***** INPUT MATERIAL
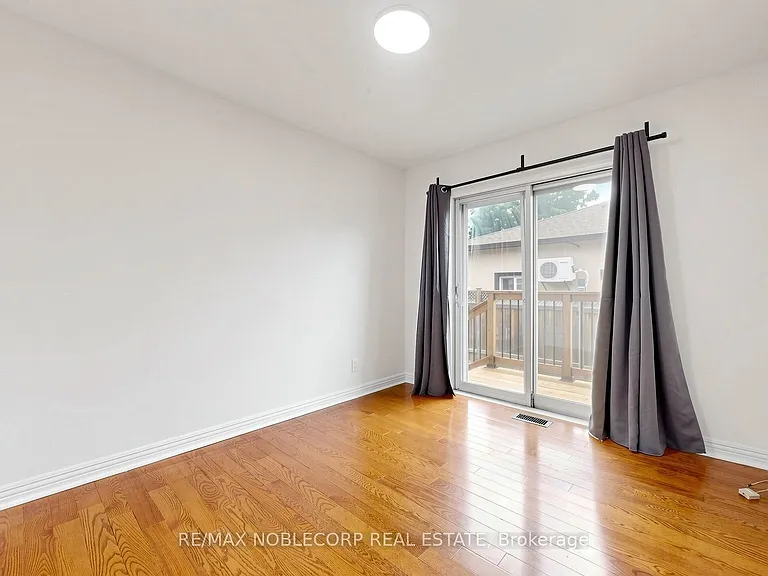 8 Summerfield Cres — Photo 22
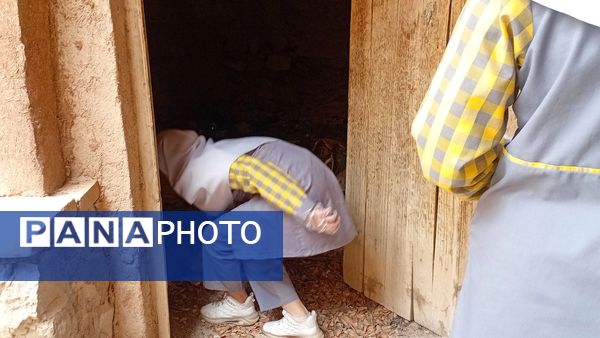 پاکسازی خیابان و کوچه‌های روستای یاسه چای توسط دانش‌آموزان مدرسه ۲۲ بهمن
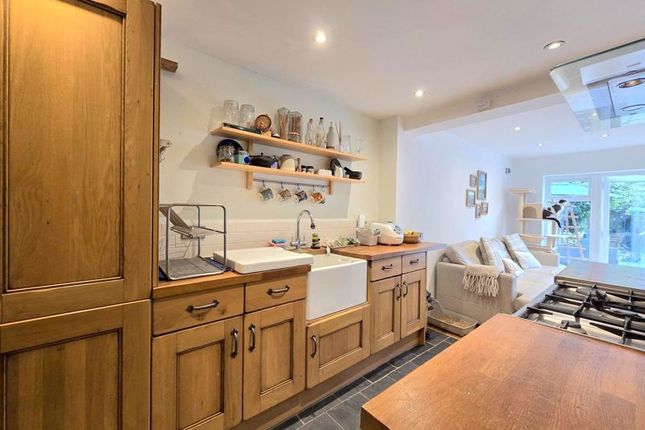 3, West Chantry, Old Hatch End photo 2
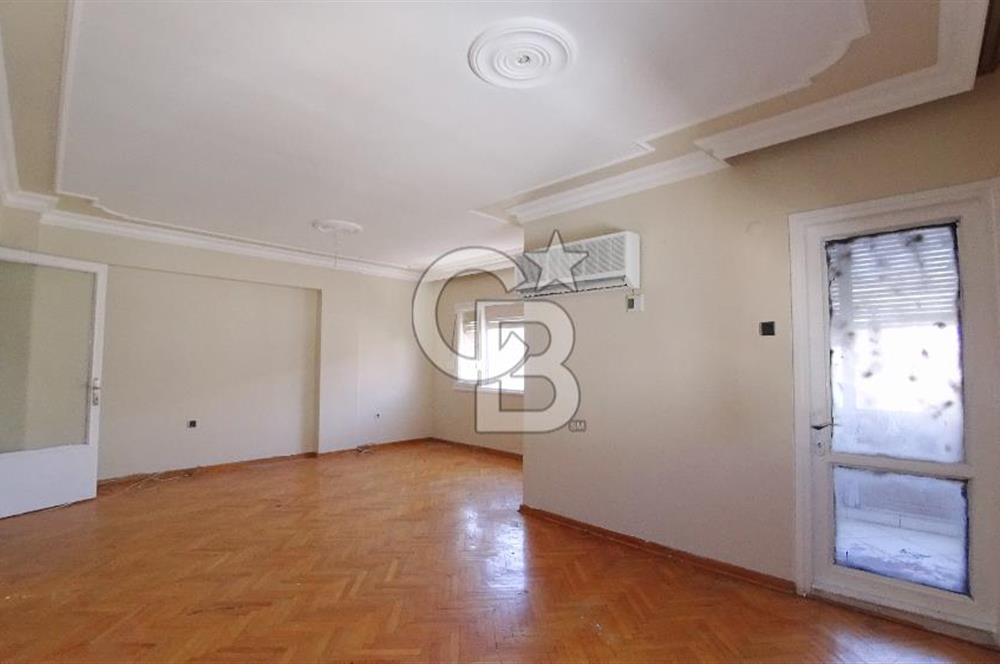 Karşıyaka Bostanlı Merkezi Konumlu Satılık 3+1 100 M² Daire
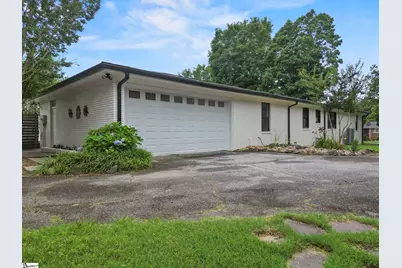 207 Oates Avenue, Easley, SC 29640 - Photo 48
**********
***** INPUT MATERIAL
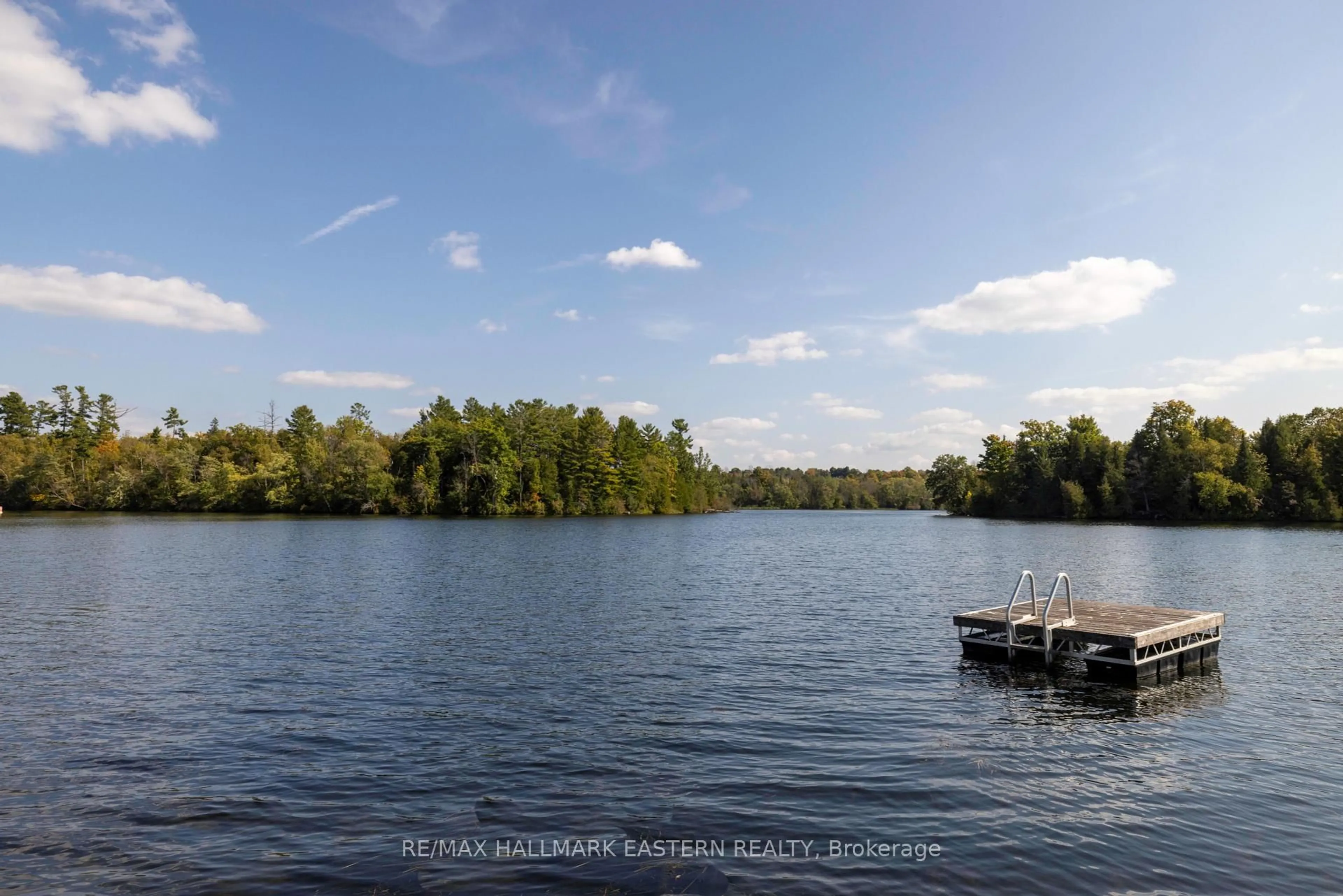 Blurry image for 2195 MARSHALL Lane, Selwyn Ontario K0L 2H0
**********
***** INPUT MATERIAL
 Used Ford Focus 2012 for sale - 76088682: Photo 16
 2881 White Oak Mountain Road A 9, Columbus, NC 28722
**********
• **PROBLEM REQUIREMENTS**:
Copy only what runs above from the line containing "8 Summerfield Cres — Photo 22" through the line containing "207 Oates Avenue, Easley, SC", exactly. Leave out the pictures.

• **YOUR SOLUTION**:
 8 Summerfield Cres — Photo 22
 پاکسازی خیابان و کوچه‌های روستای یاسه چای توسط دانش‌آموزان مدرسه ۲۲ بهمن
 3, West Chantry, Old Hatch End photo 2
 Karşıyaka Bostanlı Merkezi Konumlu Satılık 3+1 100 M² Daire
 207 Oates Avenue, Easley, SC 29640 - Photo 48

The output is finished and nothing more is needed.